The task:
Beginning with the line that contains "white faux fireplace" and ending with the line that contains "Looking for Easy", reproduce the lines of the entries below exactly, omitting pictures.

Available data:
════════════════════
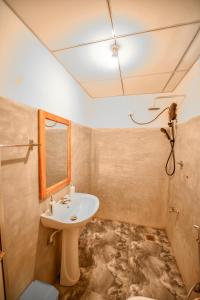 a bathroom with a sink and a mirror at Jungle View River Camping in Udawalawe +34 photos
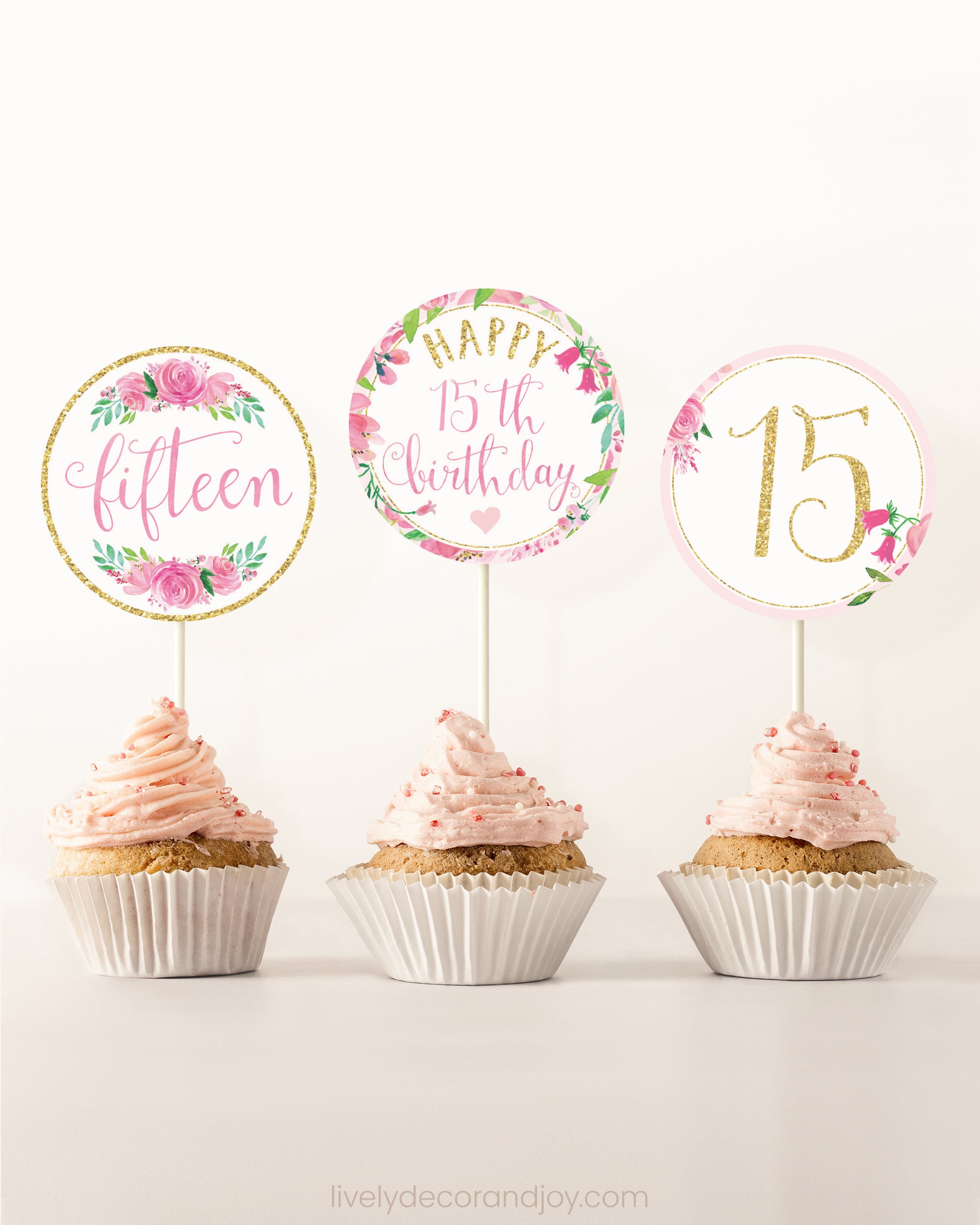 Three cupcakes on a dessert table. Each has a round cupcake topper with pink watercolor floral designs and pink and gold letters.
════════════════════
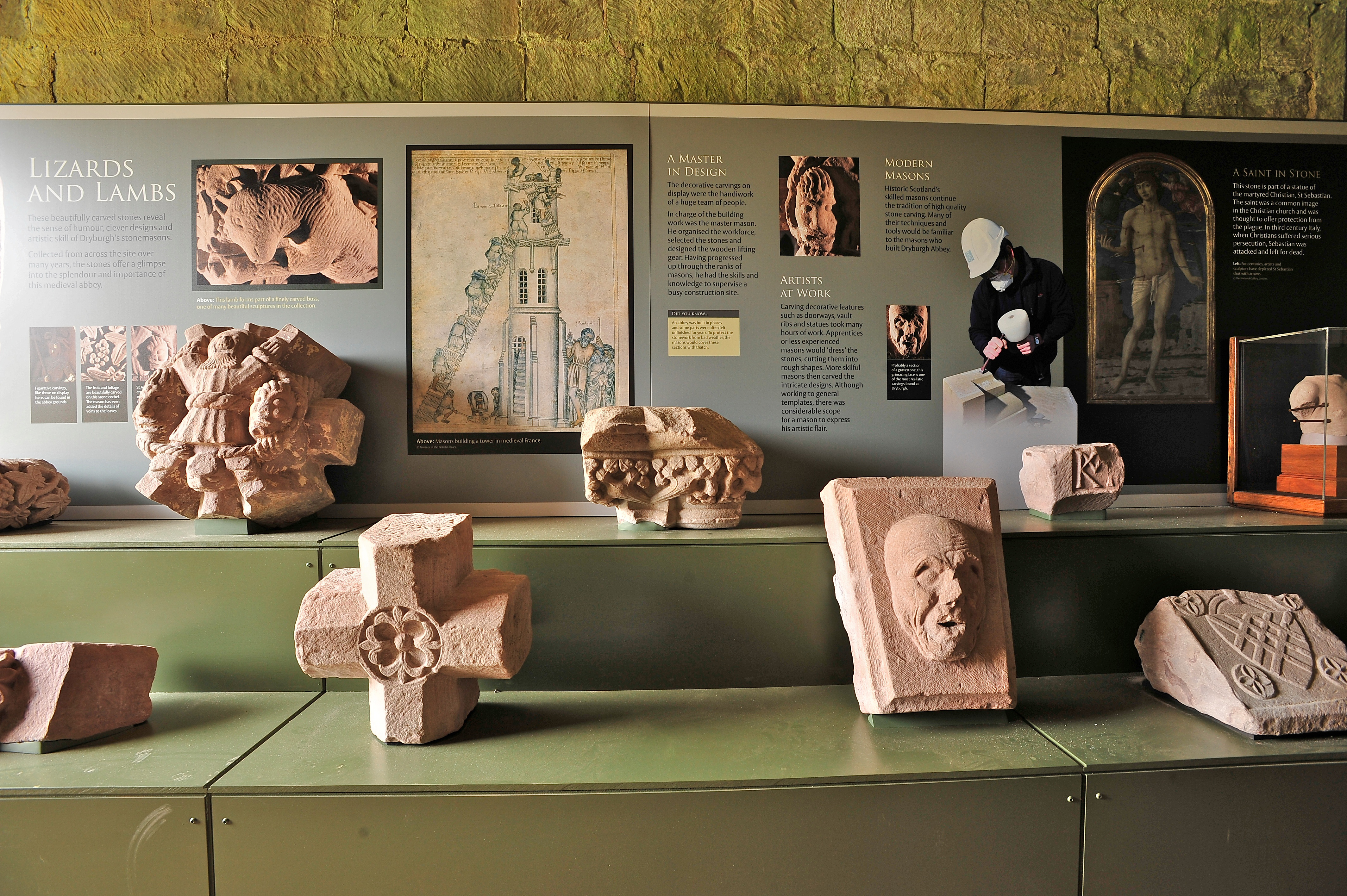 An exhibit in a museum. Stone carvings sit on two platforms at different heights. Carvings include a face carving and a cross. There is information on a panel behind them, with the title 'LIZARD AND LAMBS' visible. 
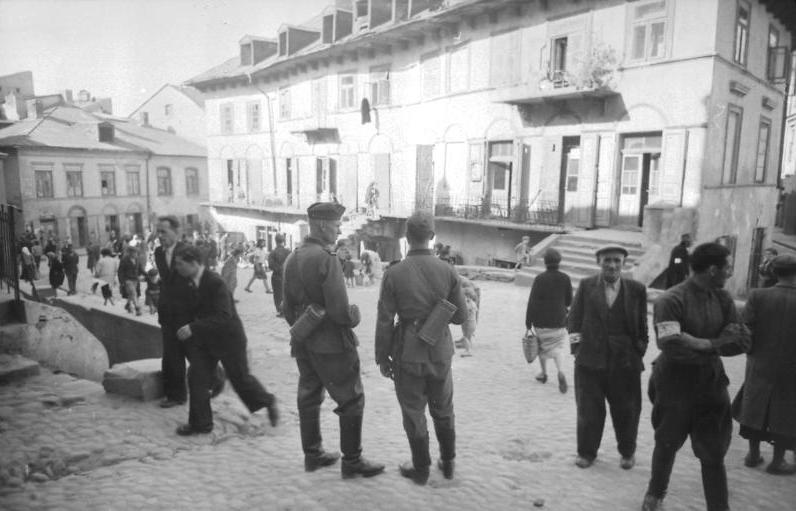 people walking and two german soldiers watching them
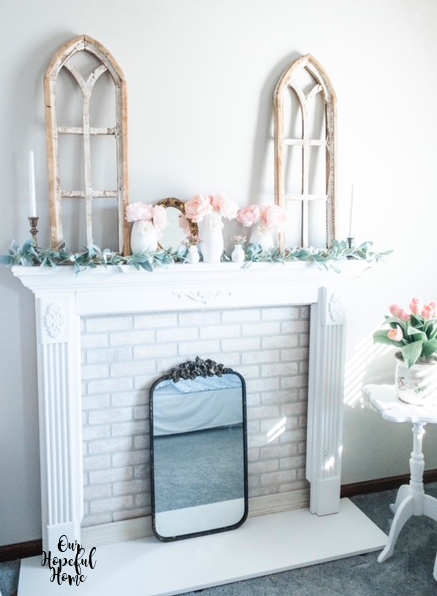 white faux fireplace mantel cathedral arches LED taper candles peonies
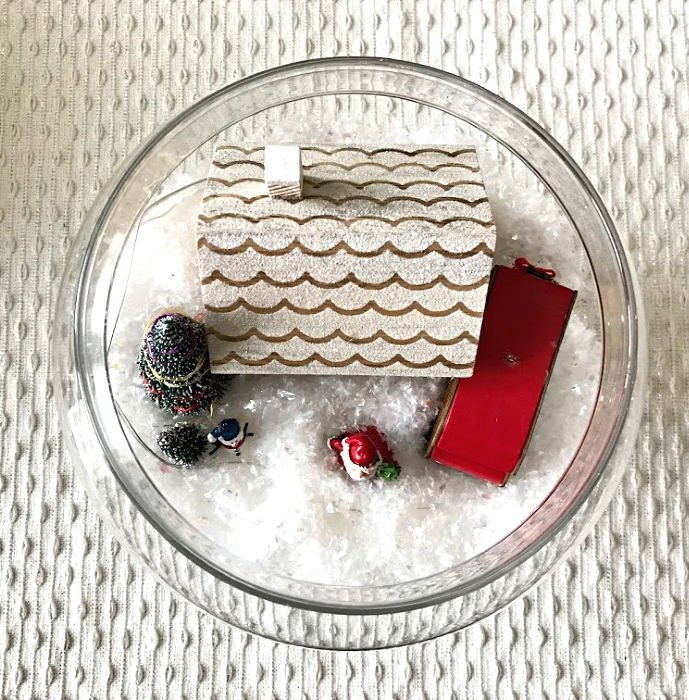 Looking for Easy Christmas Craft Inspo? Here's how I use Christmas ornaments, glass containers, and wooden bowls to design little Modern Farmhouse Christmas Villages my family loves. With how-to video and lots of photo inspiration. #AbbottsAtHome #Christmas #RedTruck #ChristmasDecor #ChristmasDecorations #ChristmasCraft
════════════════════
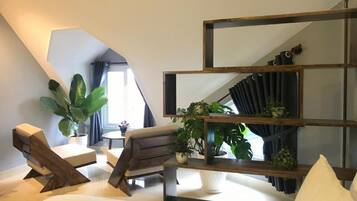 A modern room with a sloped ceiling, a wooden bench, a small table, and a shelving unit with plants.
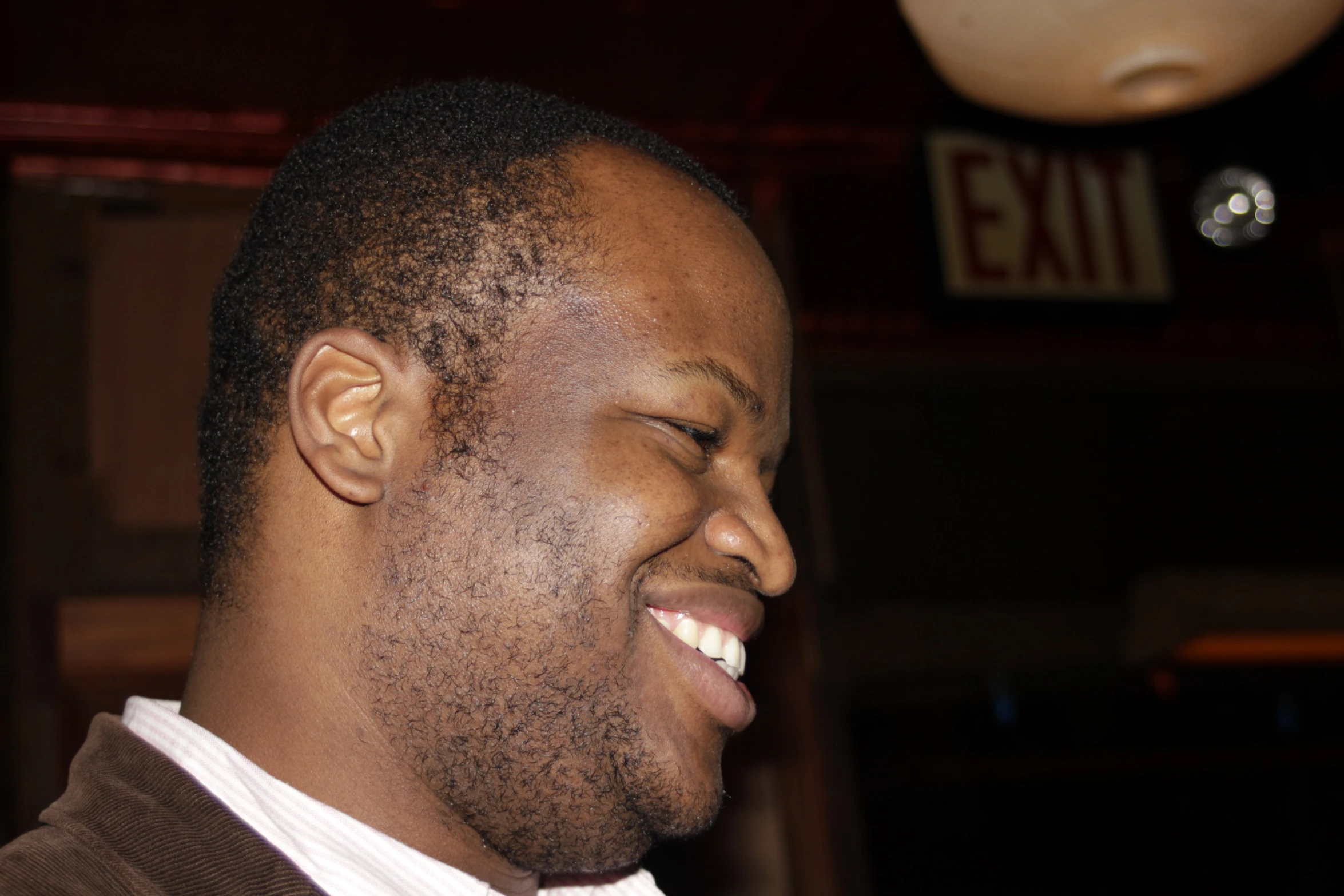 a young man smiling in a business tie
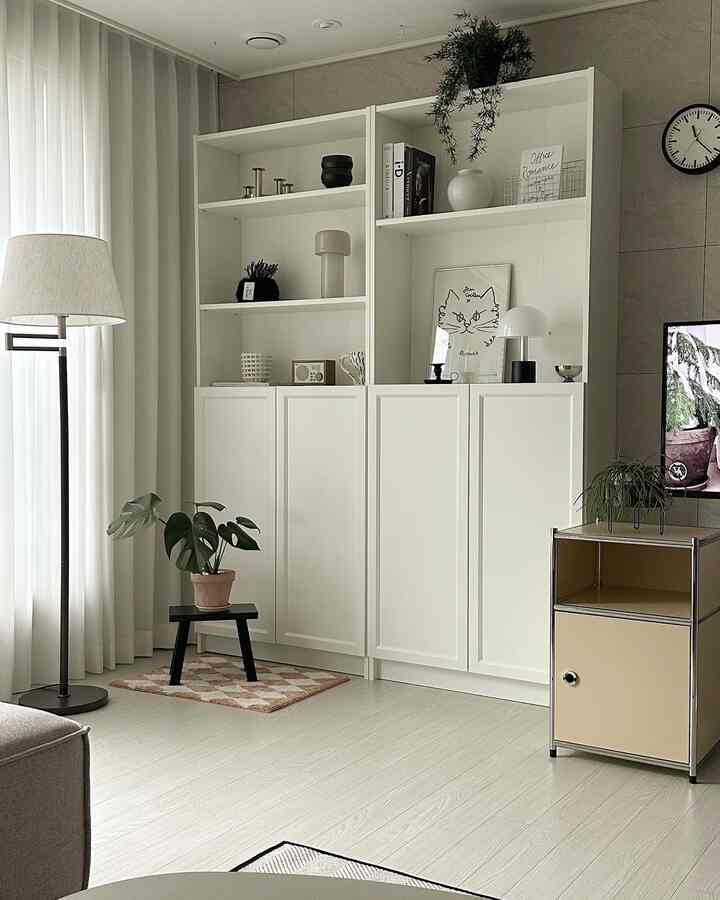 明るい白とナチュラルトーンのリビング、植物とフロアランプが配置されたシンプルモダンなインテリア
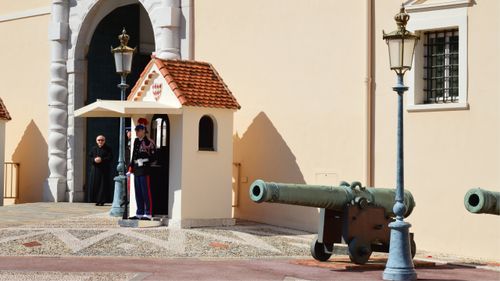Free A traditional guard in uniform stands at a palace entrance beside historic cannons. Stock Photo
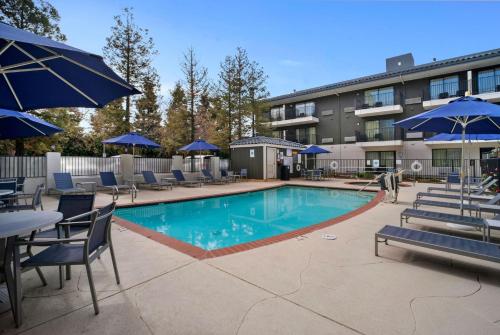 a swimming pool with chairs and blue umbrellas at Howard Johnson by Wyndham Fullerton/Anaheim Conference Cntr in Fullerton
════════════════════
Written response:
 white faux fireplace mantel cathedral arches LED taper candles peonies
 Looking for Easy Christmas Craft Inspo? Here's how I use Christmas ornaments, glass containers, and wooden bowls to design little Modern Farmhouse Christmas Villages my family loves. With how-to video and lots of photo inspiration. #AbbottsAtHome #Christmas #RedTruck #ChristmasDecor #ChristmasDecorations #ChristmasCraft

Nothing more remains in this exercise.